Brief: Write out again the lines from the line with "People Portrait character" up to and including the line with "Steel Cross Pendant", exactly as they stand below, and skip any picture.

Records supplied:
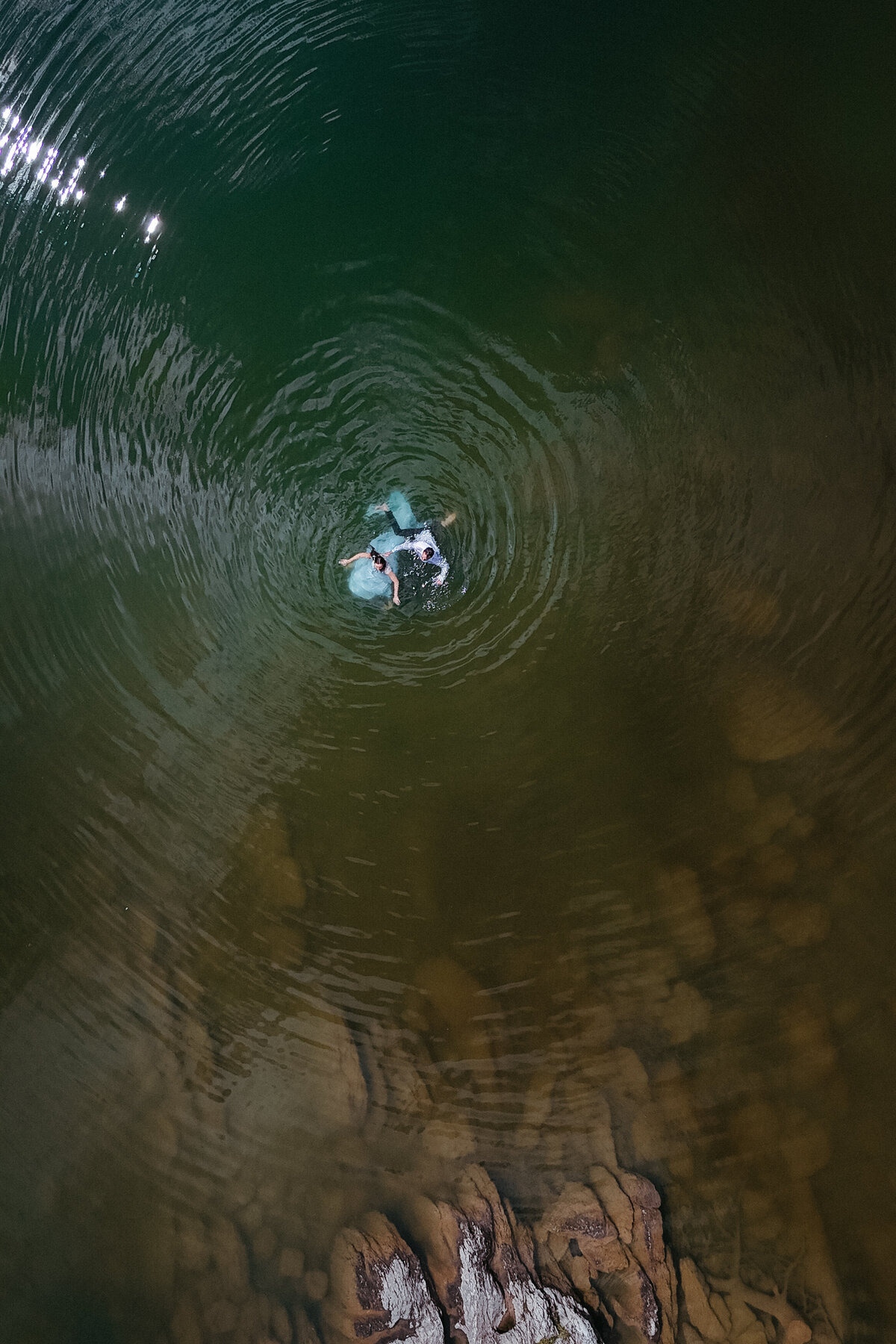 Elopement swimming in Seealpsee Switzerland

--

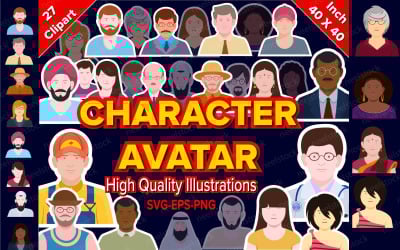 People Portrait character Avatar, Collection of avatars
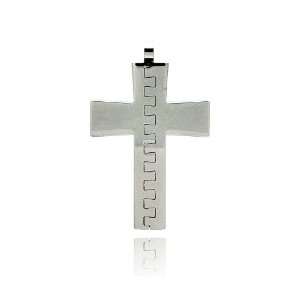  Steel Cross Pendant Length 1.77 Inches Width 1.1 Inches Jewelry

==

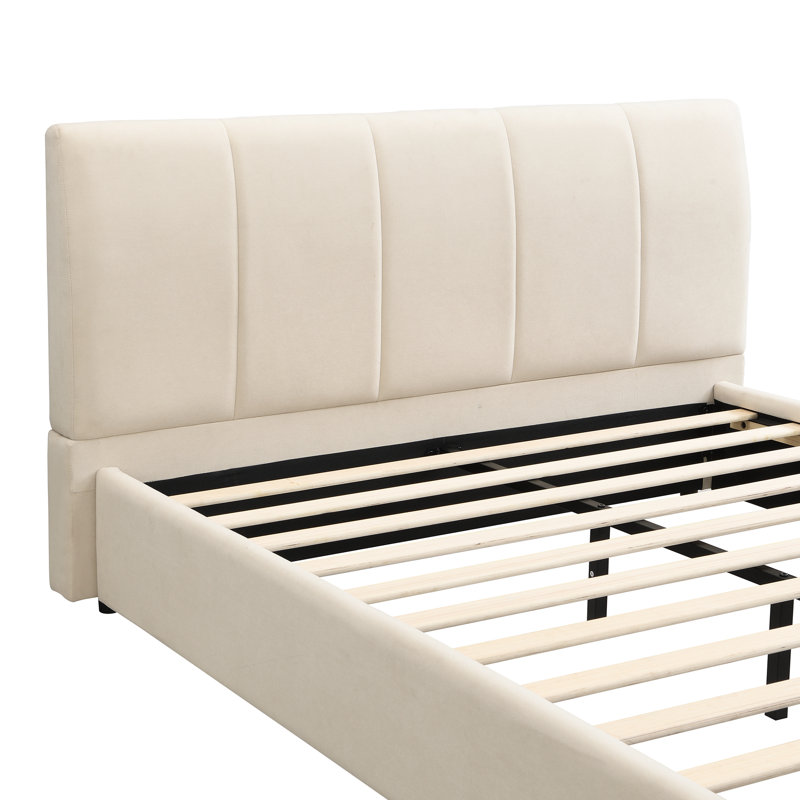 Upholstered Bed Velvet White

The completed task:
 People Portrait character Avatar, Collection of avatars
  Steel Cross Pendant Length 1.77 Inches Width 1.1 Inches Jewelry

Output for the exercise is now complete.